▸ Instructions for the task
Output nothing but the lines from the one holding "s Beden beyaz" to the end of the listing. Reproduce them exactly, without the pictures.

▸ Input
== Segment start ==

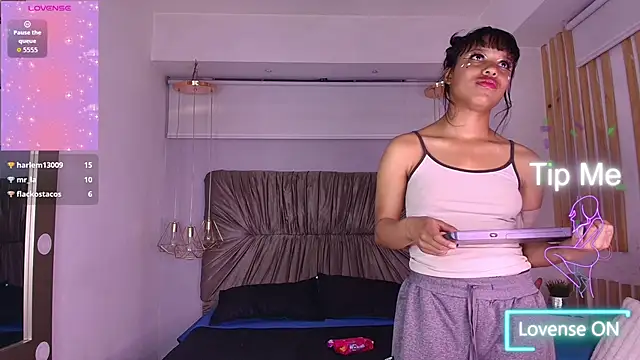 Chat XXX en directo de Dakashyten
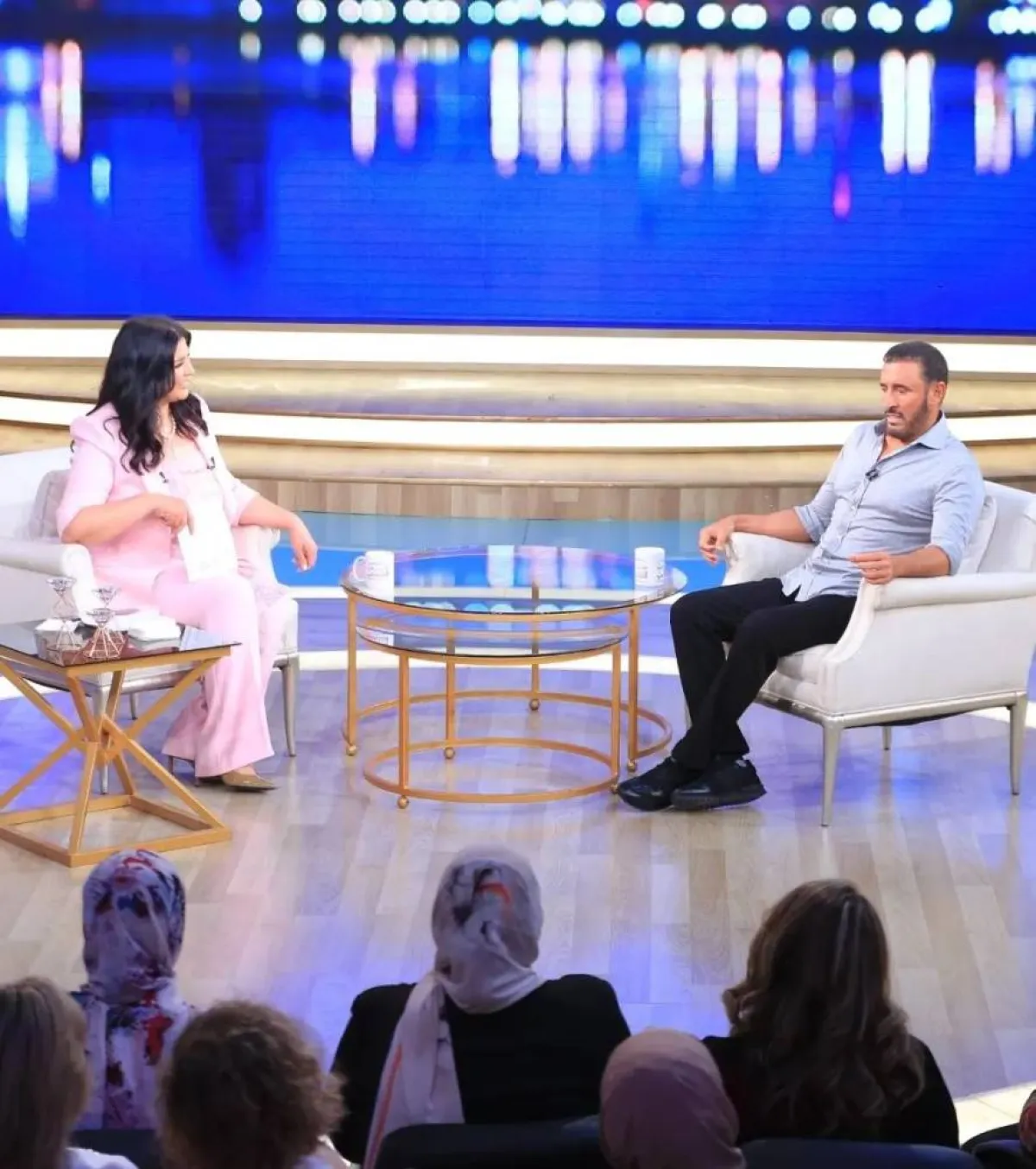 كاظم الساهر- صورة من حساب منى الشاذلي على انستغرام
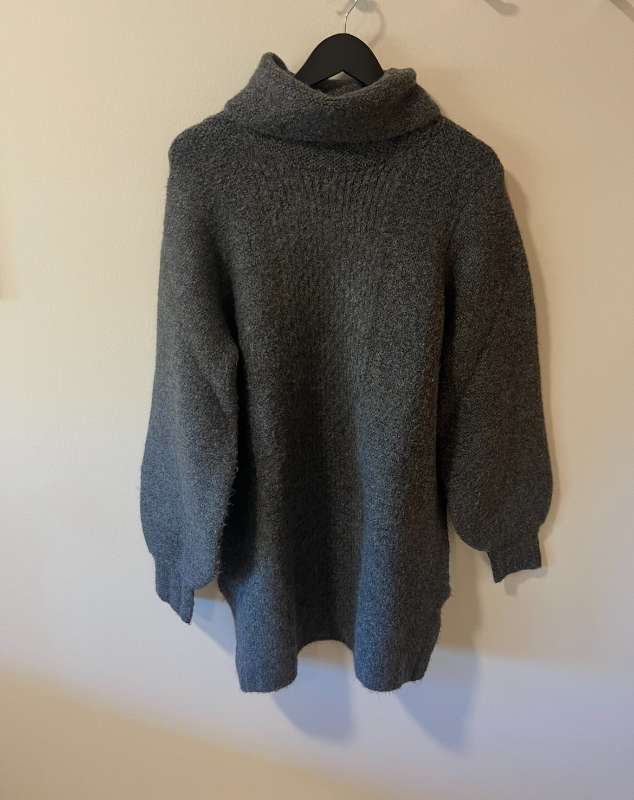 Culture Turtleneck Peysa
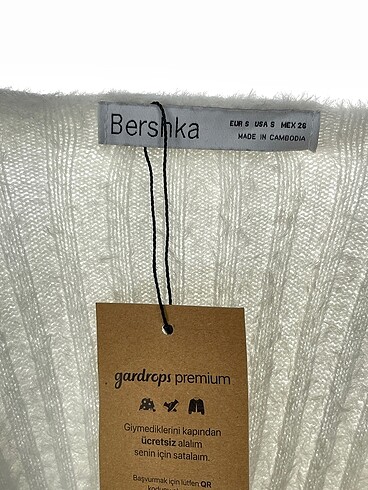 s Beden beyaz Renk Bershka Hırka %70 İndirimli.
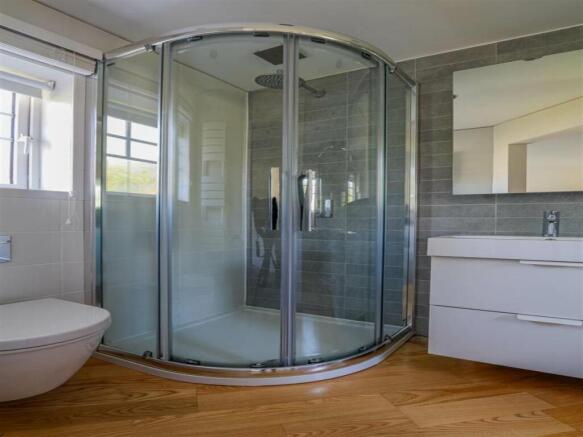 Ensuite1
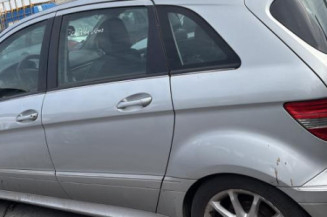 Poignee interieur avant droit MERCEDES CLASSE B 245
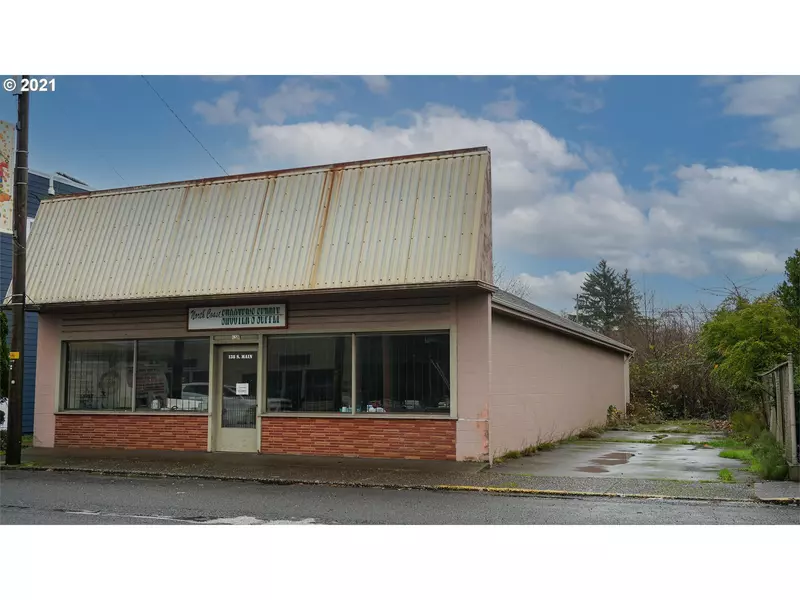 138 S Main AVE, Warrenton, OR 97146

== Segment end ==

▸ Task output
 s Beden beyaz Renk Bershka Hırka %70 İndirimli.
 Ensuite1
 Poignee interieur avant droit MERCEDES CLASSE B 245
 138 S Main AVE, Warrenton, OR 97146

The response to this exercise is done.